INSTRUCTIONS FOR THE TASK - The copy must match the data word for word and contain no pictures.

DATA FOR ANALYSIS -
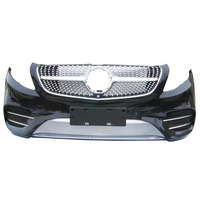 Kit carrosserie OUYE style AMG avec pare-chocs avant et feux de jour (DRL) pour Mercedes Benz Vito V Class 2014-2023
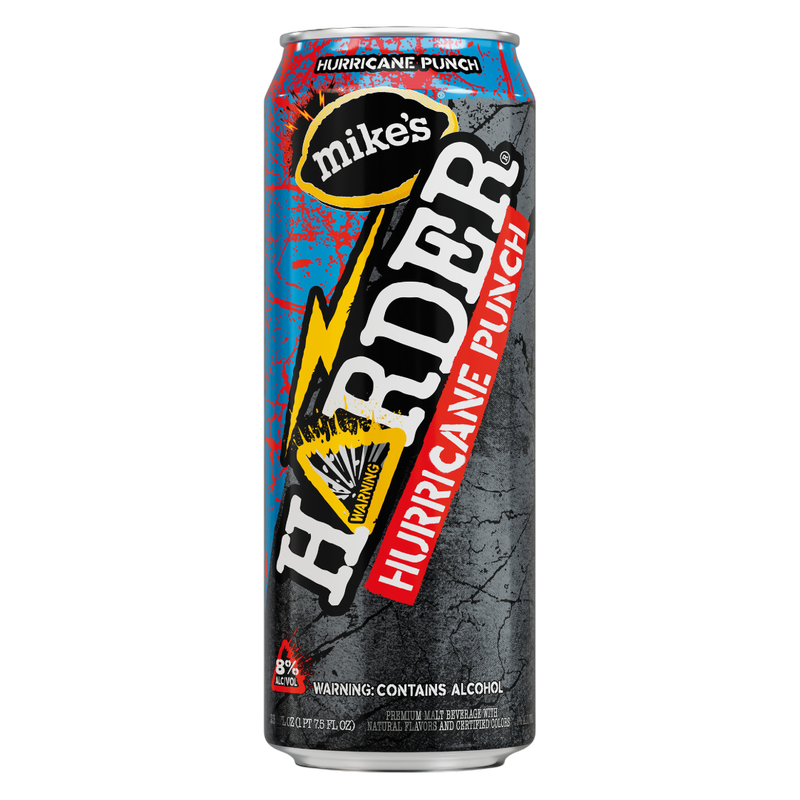 Mike's Harder Hurr Punch  23.5oz 8% ABV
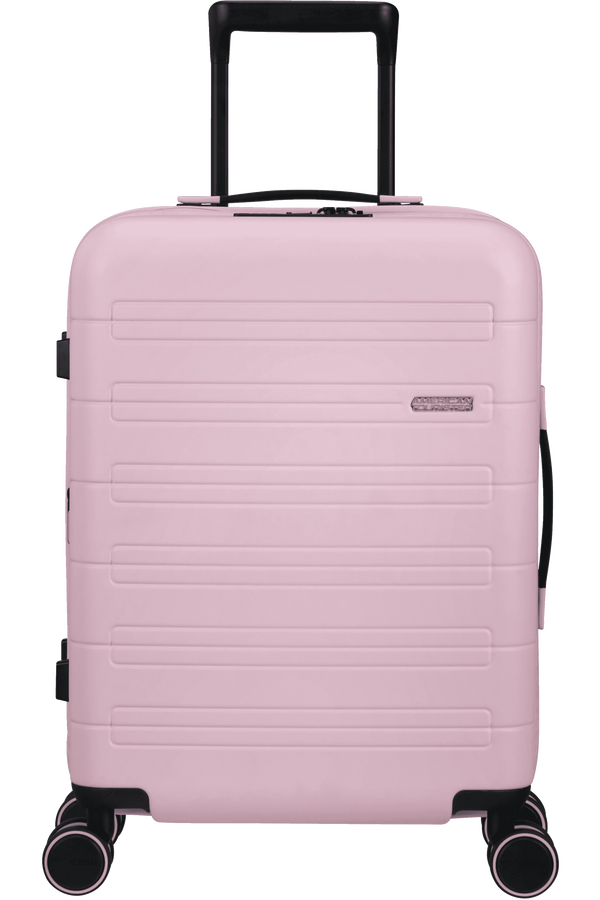 American Tourister Novastream Spinner TSA Exp. 55cm  Soft Pink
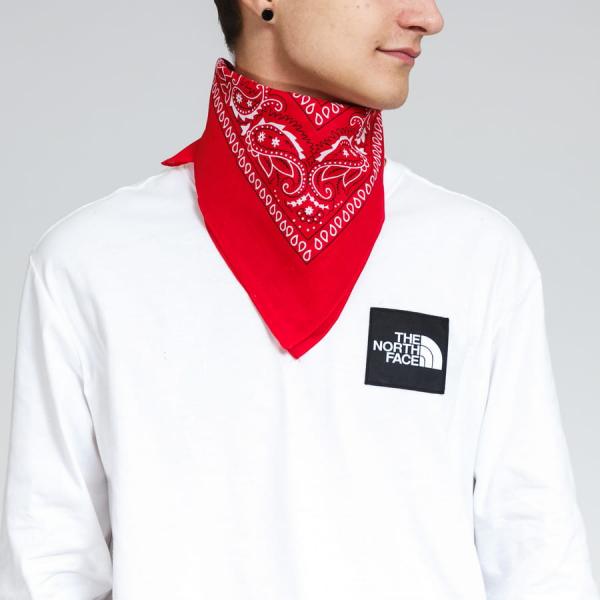 Šátek Urban Classics Bandana 3-Pack červený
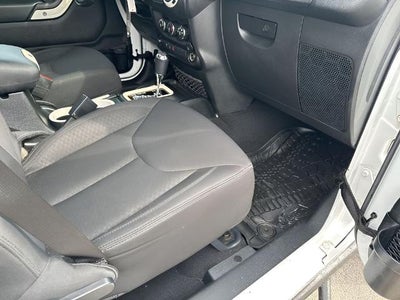 2018 Jeep Wrangler JK Unlimited Sport 4x4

WRITTEN SOLUTION -
 Kit carrosserie OUYE style AMG avec pare-chocs avant et feux de jour (DRL) pour Mercedes Benz Vito V Class 2014-2023
 Mike's Harder Hurr Punch  23.5oz 8% ABV
 American Tourister Novastream Spinner TSA Exp. 55cm  Soft Pink
 Šátek Urban Classics Bandana 3-Pack červený
 2018 Jeep Wrangler JK Unlimited Sport 4x4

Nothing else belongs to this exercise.